In each dictionary, it contains {Action object, estimated_reward, uncertainty}.

reward(history_id, rewards)

Reward the previous action with reward.

Parameters:

history_id : int

The history id of the action to reward.

rewards : dictionary

The dictionary {action_id, reward}, where reward is a float.

striatum.bandit.linucb module

LinUCB with Disjoint Linear Models

This module contains a class that implements LinUCB with disjoint linear model, a contextual bandit algorithm assuming the reward function is a linear function of the context.

class striatum.bandit.linucb.LinUCB(actions, historystorage, modelstorage, alpha, context_dimension=1)

Bases: striatum.bandit.bandit.BaseBandit

LinUCB with Disjoint Linear Models

Parameters:

actions : list of Action objects

List of actions to be chosen from.

historystorage: a HistoryStorage object

The place where we store the histories of contexts and rewards.

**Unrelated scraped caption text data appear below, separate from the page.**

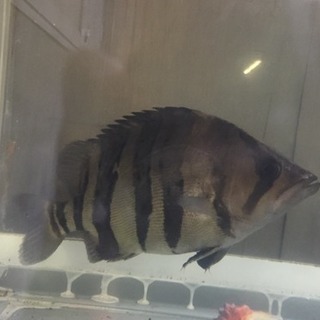 ダトニオ プラスワン スマトラ 産 引き取り可能｜魚類、水生生物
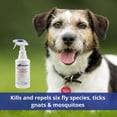 thumbnail image 2 of Aerosol Farnam para pulgas y garrapatas, 1180 ml, citronela a base de agua, 2 of 5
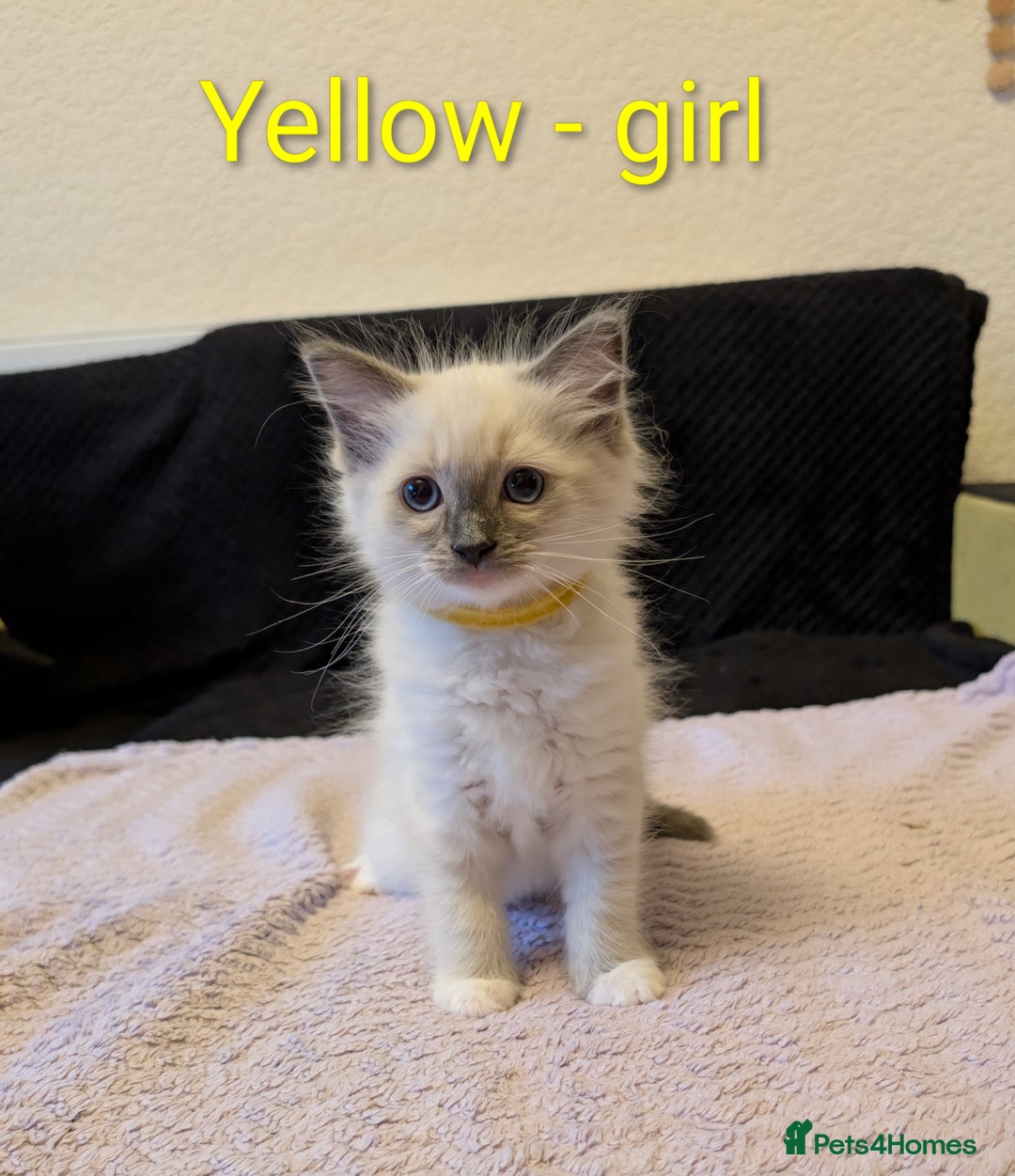Ragdoll cats for sale: Stunning Ragdoll kittens - Image 5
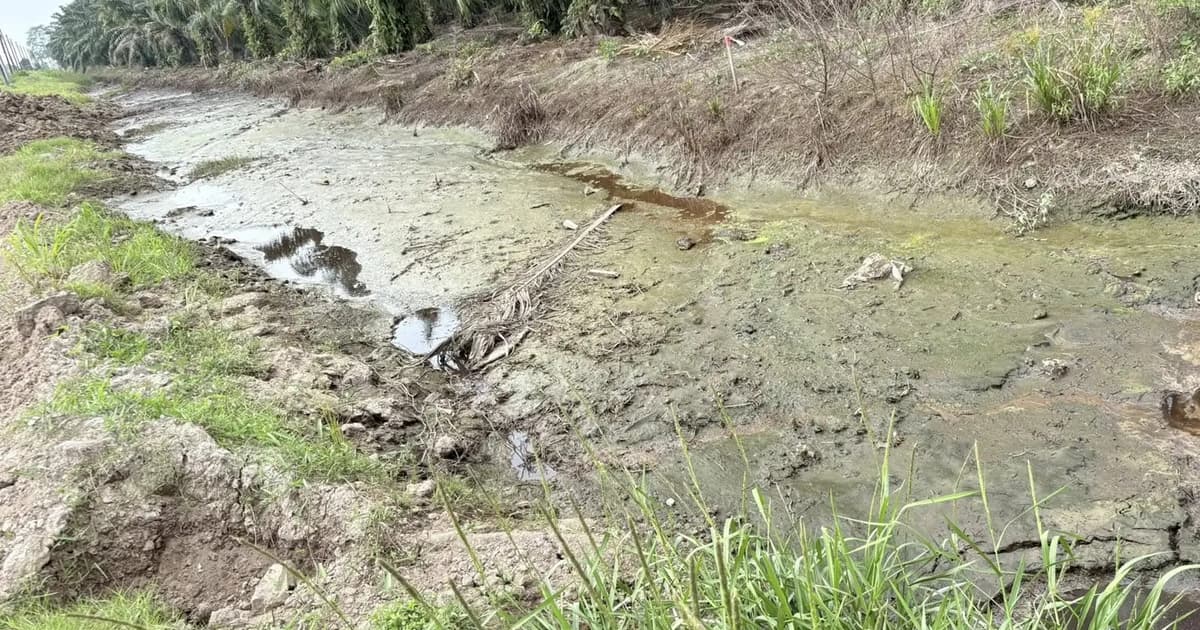 Environment dept to probe claim of pig waste pollution off Tanjung Sepat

modelstorage: a ModelStorage object

The place where we store the model parameters.

alpha: float

The constant determines the width of the upper confidence bound.

context_dimension: int

The dimension of the context.

References

[R4]Lihong Li, et al. “A Contextual-Bandit Approach to Personalized News Article Recommendation.” In Proceedings of the 19th International Conference on World Wide Web (WWW), 2010.

Attributes

linucb_ (‘linucb’ object instance) The contextual bandit algorithm instances.

Methods

add_action(actions) Add new actions (if needed).
calculate_avg_reward() Calculate average reward with respect to time.
calculate_cum_reward() Calculate cumulative reward with respect to time.
get_action(context[, n_actions]) Return the action to perform
get_action_with_id(action_id)
plot_avg_regret() Plot average regret with respect to time.
plot_avg_reward() Plot average reward with respect to time.
reward(history_id, rewards) Reward the previous action with reward.
add_action(actions)

Add new actions (if needed).

Parameters:

actions : iterable

A list of Action objects for recommendation

get_action(context, n_actions=1)

Return the action to perform

Parameters:

context : dict

Contexts {action_id: context} of different actions.

n_actions: int

Number of actions wanted to recommend users.

Returns:

history_id : int

The history id of the action.

action_recommendation : list of dict

Each dict contains {Action object, estimated_reward, uncertainty}

reward(history_id, rewards)

Reward the previous action with reward.

Parameters:

history_id : int

The history id of the action to reward.

rewards : dictionary

The dictionary {action_id, reward}, where reward is a float.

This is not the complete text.